▸ WORK ITEM:
Look below for the line containing "Never Judge Podcast artwork"; from there, print each line exactly up to and including the line containing "Anglų kalbos žodynas", and stop.

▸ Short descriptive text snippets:
_ _ _

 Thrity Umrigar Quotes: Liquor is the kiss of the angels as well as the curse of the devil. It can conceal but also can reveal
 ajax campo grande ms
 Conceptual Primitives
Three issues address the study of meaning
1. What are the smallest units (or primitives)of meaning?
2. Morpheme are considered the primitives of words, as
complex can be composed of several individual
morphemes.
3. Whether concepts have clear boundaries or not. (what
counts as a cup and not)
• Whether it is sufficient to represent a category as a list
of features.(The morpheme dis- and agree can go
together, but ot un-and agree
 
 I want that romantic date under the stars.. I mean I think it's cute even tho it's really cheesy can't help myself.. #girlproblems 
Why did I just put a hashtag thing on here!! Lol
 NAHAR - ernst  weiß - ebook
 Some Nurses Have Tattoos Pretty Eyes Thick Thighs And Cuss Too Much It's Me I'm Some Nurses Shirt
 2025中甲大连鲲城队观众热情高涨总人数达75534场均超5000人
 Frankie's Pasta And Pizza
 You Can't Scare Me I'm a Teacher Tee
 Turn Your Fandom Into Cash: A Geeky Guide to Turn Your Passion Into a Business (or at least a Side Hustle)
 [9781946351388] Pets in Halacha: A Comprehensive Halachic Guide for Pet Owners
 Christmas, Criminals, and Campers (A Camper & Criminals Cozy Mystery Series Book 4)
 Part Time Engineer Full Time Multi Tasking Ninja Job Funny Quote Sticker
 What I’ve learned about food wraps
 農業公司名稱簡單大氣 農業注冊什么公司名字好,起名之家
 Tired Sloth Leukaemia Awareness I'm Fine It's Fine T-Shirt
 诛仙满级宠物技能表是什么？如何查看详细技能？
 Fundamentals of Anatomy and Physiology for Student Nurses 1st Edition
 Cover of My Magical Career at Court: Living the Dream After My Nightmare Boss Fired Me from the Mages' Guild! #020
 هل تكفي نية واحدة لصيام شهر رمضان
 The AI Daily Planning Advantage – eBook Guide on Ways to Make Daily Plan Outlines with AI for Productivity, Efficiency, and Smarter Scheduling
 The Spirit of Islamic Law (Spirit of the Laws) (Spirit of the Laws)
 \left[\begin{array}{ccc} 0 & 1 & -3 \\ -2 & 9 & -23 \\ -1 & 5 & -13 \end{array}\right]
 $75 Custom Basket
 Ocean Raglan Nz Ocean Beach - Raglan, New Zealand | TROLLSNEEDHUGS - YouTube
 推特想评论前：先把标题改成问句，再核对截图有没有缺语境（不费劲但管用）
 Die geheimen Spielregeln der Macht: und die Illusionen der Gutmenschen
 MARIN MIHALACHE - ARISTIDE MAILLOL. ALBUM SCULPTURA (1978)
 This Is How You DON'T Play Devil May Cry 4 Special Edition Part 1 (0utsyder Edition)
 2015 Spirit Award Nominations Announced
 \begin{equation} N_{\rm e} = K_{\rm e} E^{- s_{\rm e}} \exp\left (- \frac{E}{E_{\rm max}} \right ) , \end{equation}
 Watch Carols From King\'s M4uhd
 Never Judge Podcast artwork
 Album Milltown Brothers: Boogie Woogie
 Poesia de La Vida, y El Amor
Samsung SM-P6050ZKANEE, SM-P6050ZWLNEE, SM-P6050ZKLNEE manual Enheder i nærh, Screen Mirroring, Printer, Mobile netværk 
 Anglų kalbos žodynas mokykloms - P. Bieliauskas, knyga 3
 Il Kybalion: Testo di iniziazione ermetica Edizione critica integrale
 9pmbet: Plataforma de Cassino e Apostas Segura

_ _ _

▸ WRITTEN ANSWER:
 Never Judge Podcast artwork
 Album Milltown Brothers: Boogie Woogie
 Poesia de La Vida, y El Amor
Samsung SM-P6050ZKANEE, SM-P6050ZWLNEE, SM-P6050ZKLNEE manual Enheder i nærh, Screen Mirroring, Printer, Mobile netværk 
 Anglų kalbos žodynas mokykloms - P. Bieliauskas, knyga 3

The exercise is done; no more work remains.